A boy jumps over a pile of burning lemon grass on the island of Phu Thanh.

Lottery ticket vendors mobbed us immediately after we boarded the ferry to the island of Phu Thanh, thrusting fistfuls of shiny cards at us and excitedly pointed out auspicious numbers they deemed might be of interest to us. When it became clear that we weren’t likely to play, most shuffled away, mumbling bitterly. A persistent few hovered at the periphery of our group, staring with a mixture of curiosity and entrepreneurial ambition. In a nation where gambling has been illegal since the 1970’s, the Vietnamese appetite for the state lottery seemed insatiable. I counted no less than five ticket sellers compared to only one car – ours.

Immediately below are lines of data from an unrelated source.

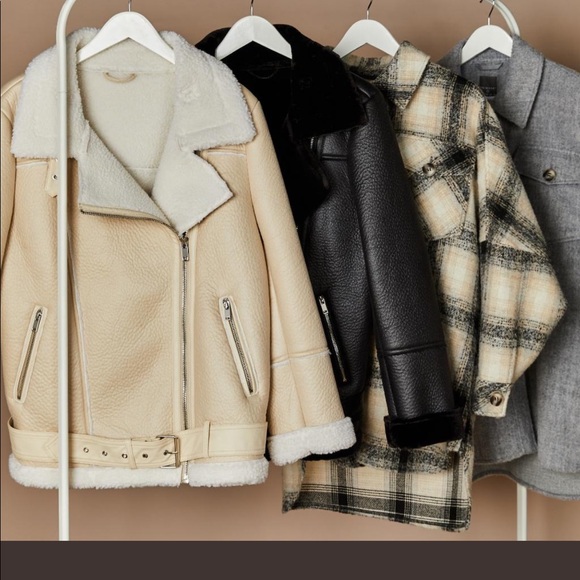 Primark Black Faux Leather Jacket Fur 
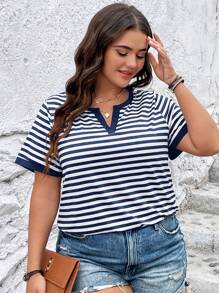 SHEIN LUNE Plus Striped Notched Neckline Contrast Binding Tee, Summer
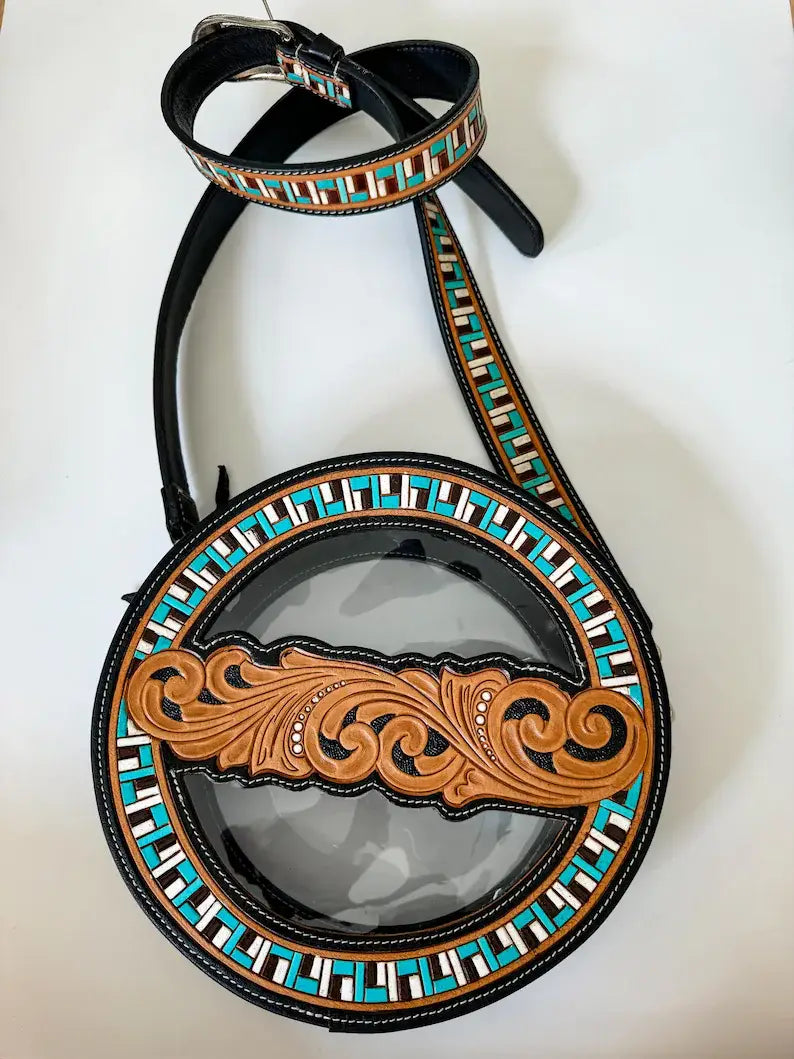 Boho Ranch Shop - JANIE CLEAR ROUND crossbody | hand tooled western festival: TAN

Phu Thanh’s roads were not meant for cars. Narrow and often uneven, our Toyota (the only four wheeled vehicle we would see on the island in two days) bounced angrily and unpredictably as we navigated through the island’s interior towards its southern edge.

A local garbage dump burns at sunset on the island of Phu Thanh.

A local garbage dump burns at sunset on the island of Phu Thanh.

Despite the rough ride, we were all well aware that having a personal vehicle was a luxury. We knew that while Vietnam’s relatively developed infrastructure and road network made it more practical to travel by car than by boat, the further we got into our trip the rougher the travel would be. Bouncing around in Stephen’s car that morning, had we known just how exhausting things would get in the coming months we would have savoured every moment.

The River Giveth…

We had been told earlier by Ngyuen Than, a shrimp boat captain, that this area the Mekong no longer supported a wild fish population large enough to sustain the people plying its waters, necessitating the construction of inland farms for people too far from the ocean. It was these farms we were searching for on Phu Thanh.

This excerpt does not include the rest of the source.